Why consider different assumptions for message delivery? Because each assumption has completely different mathematical properties. For example, it is shown in [2] that there is no correct deterministic consensus algorithm in the case of an asynchronous system if at least one validator is faulty. This observation is quite natural: if messages do not get delivered, validators will not get any information from each other. And if consensus needs to produce results depending on external input, then consensus becomes impossible. (We recommend discussion [3] for a better understanding of [2].)

Thus, if one wants to construct a deterministic consensus algorithm, an upper bound for message delivery is needed. Both partially synchronous and synchronous network models make such assumptions. The partially synchronous model is more general, and is more realistic for relatively small validator networks – it is hardly possible to predict network delays in such networks beforehand. In large public networks, such as Bitcoin, the synchronous model is more reasonable, as an adversary’s power to disrupt network operation is substantially reduced. (As a side note, Bitcoin does not require low network latency T due to relatively large block times.)

Hence, partially synchronous network model seems adequate for permissioned blockchain, and it is the one that Exonum uses. In the case of Byzantine faults (roughly speaking, allowing for validators to be hacked or otherwise compromised), this model enables to continue committing transactions when up to 1/3 of validators are compromised. More precisely, if a system has 3f + 1 validators, no more than f of them may be compromised at any time. This is a fundamental theoretical bound; it is rigorously proven that no consensus algorithm can withstand more Byzantine faults. The consensus algorithm used in Exonum reaches this bound.

All for Clients

The partial synchronicity assumes that there is no global time agreed upon by validators. However, validators may still use a local timer to measure relative timespans, for example, timeouts for certain actions. On the one hand, this construction eliminates vulnerabilities associated with time (for example, attacks on the Network Time Protocol). On the other hand, eliminating time from consensus raises a problem for lightweight clients.
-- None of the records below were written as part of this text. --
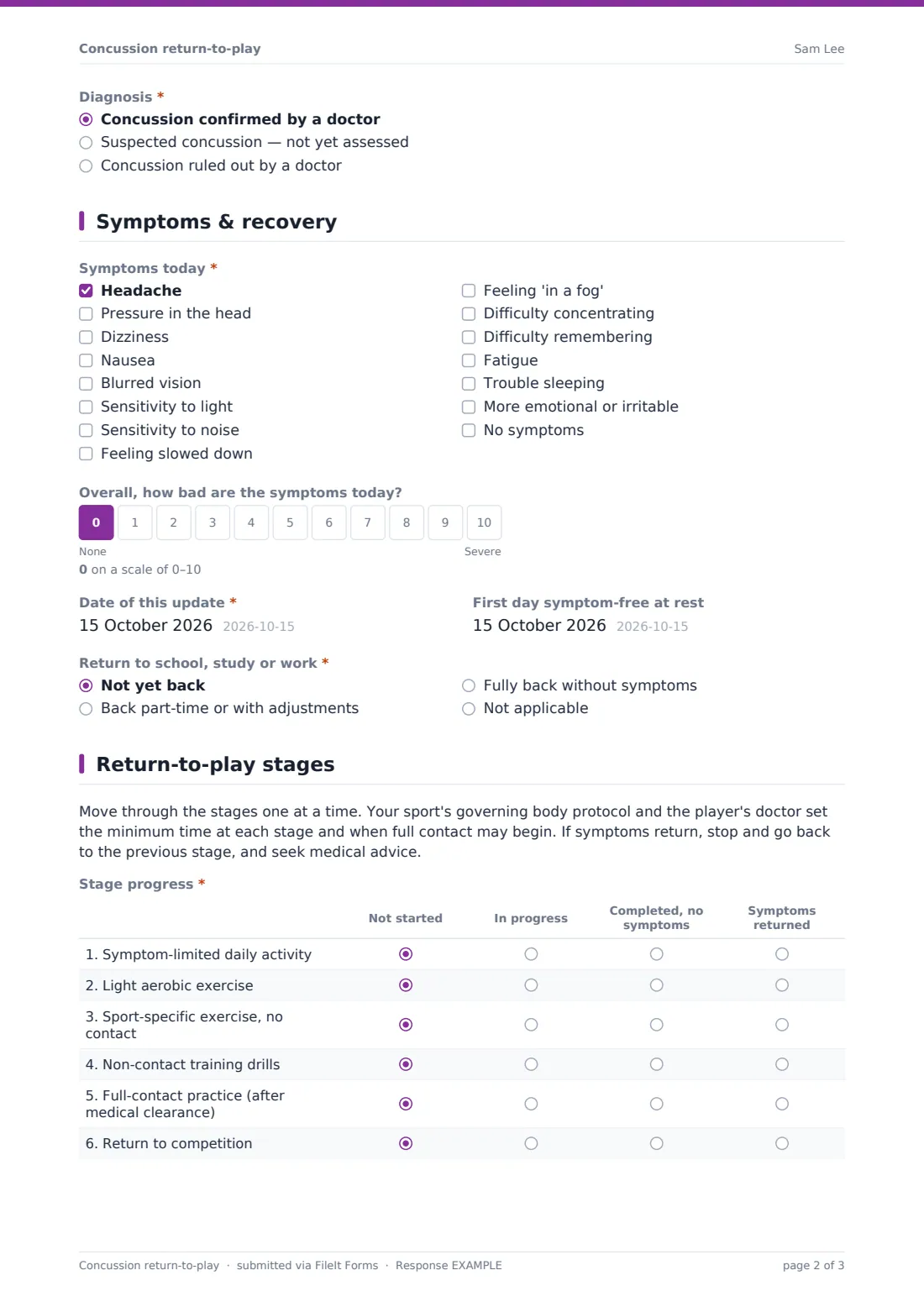 Concussion return-to-play — example response PDF, page 2 of 3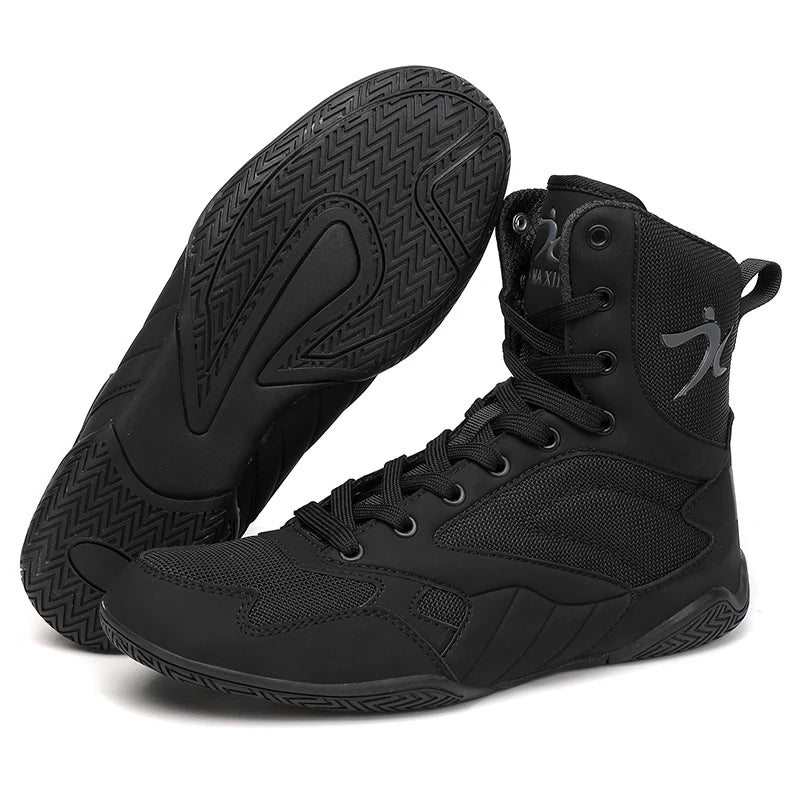 Men’s High-Top Boxing Shoes – Lightweight, Anti-Slip Arena Training Footwear for Autumn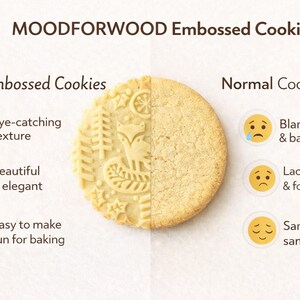 Wooden embossing rolling pin used on rolled cookie dough to create decorative patterns before cutting cookies. The engraved roller presses a repeating floral texture into the dough, demonstrating how easy it is to create detailed homemade cookies using a patterned rolling pin designed for baking and pastry decoration.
A client would like to know whether information returned from a full node is up-to-date. If there is no way to determine this, a node could simply return stale information (say, from a month ago), which would be otherwise valid, but highly misleading to the client. To deal with this problem, Exonum consensus mandates to include local timestamps into Precommit messages signed by validators; these messages are sent to clients to prove information authenticity. The client calculates the median timestamp from the sent blocks; it is guaranteed to be Byzantine-resistant. To see why this is true, observe that the client receives Precommits from at least 2f + 1 validators; by assumption above, no more than f of these messages are faulty (thus, at least f + 1 are not faulty). Hence, there is an honest validator with a timestamp lower or equal to the median and one with a timestamp greater or equal to the median. For this reason, the median is reasonably accurate.

What’s Next?

The described approach is what is used in Exonum right now, but it is not without its quirks. For one, it is not guaranteed that the median time increases with the block height. A possible solution is to make clock synchronization a part of the consensus algorithm; this is a well-studied Byzantine clock synchronization problem [4] with known solutions [5]. For some practical tasks (such as using time in contracting), third-party trusted timestamping authorities may be appropriate. One of such authorities may be the Bitcoin blockchain (or other public blockchains). Although their timestamps are not very accurate, public blockchains with proof-of-work consensus have measurable (and in case of Bitcoin, very high) attack costs so that they could be used together with other timestamping methods for maximum security.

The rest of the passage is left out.